The base case of the algorithm is when the sequence we need to partition is empty. At that point we will have found the minimum unused value. Here’s the algorithm in code, with a bit of setup:
void min_unused()
{
// initialize RNG
std::array seed_data;
std::random_device r;
std::generate_n(seed_data.data(), seed_data.size(), std::ref(r));
std::seed_seq seq(std::begin(seed_data), std::end(seed_data));
std::mt19937 gen(seq);
// fill an array with ints, shuffle, discard some
int a[10];
std::iota(&a[0], &a[10], 0);
std::shuffle(&a[0], &a[10], gen);
int first_idx = 0;
int last_idx = 7; // arbitrary truncation
for (int i = first_idx; i < last_idx; ++i)
std::cout << a[i] << '\n';
// the algorithm
int unused = 0;
while (first_idx != last_idx) {
int m = unused + (last_idx - first_idx + 1)/2;
auto p = std::partition(&a[first_idx], &a[last_idx],
[&] (int i) { return i < m; });
if (p - &a[first_idx] == m - unused) {
unused = m;
first_idx = p - &a[0];
} else {
last_idx = p - &a[0];
}
}
std::cout << "Min unused: " << unused << '\n';
}
You can also see the algorithm on wandbox. I leave it to you to convince yourself that the algorithm works. The asymptotic complexity of the algorithm is linear; at each stage we are running partition
, which is O(n), and then recursing, but only on one half of the sequence. Thus, the complexity is:
[latex]O(n + \frac{n}{2} + \frac{n}{4} + \frac{n}{8} + ...) = O(\sum_{i=0}^\infty \frac{n}{2^i}) = O(2n) = O(n)[/latex]
From concrete to generic: first steps
So, now we have an algorithm that works... for C-style arrays, and in one place only. Naturally we want to make it as generic as we can; what, then, are the steps to transform it into a decent algorithm that can be used just as easily as those in the STL? Perhaps you're already thinking that this is overly concrete - but hey, this is a pedagogical device. Bear with me.

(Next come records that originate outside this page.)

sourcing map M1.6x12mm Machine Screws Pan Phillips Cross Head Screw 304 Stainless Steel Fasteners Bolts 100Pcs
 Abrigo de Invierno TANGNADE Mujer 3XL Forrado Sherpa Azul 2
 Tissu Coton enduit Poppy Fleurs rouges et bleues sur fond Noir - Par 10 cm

First, we can pull the algorithm out into a function. You've already seen the setup code, so you should be able to imagine the calling code from here on. While we're at it, let's change the index-based arithmetic to pointers. We can pass the sequence in to the function as an argument; for now, we may as well say that the sequence is a vector
, because vector
is always the right default choice! Our updated function:
// version 1: a function that takes a vector
int min_unused(std::vector& v)
{
int* first = &v[0];
int* last = first + v.size();
int unused = 0;
while (first != last) {
int m = unused + (last - first + 1)/2;
auto p = std::partition(first, last,
[&] (int i) { return i < m; });
if (p - first == m - unused) {
unused = m;
first = p;
} else {
last = p;
}
}
return unused;
}
This is already looking a little clearer. Using pointers removes some of the syntactic noise and allows us to see what's going on better. But, as you may already have thought, once we have vector
s, the next logical step is to consider using iterators. Let's make that change now so that we can run the algorithm on a subrange within any vector
.
// version 2: use iterators, like a real algorithm
template
inline int min_unused(It first, It last)
{
int unused = 0;
while (first != last) {
int m = unused + (last - first + 1)/2;
auto p = std::partition(first, last,
[&] (int i) { return i < m; });
if (p - first == m - unused) {
unused = m;
first = p;
} else {
last = p;
}
}
return unused;
}
Now instead of using the vector
directly, now we can pass in begin()
and end()
, or any other valid range-delimiting pair of iterators. Note also that because min_unused
is now a function template, we added inline
on line 3, meaning that we can put it in a header without causing link errors when it's instantiated the same way in multiple translation units.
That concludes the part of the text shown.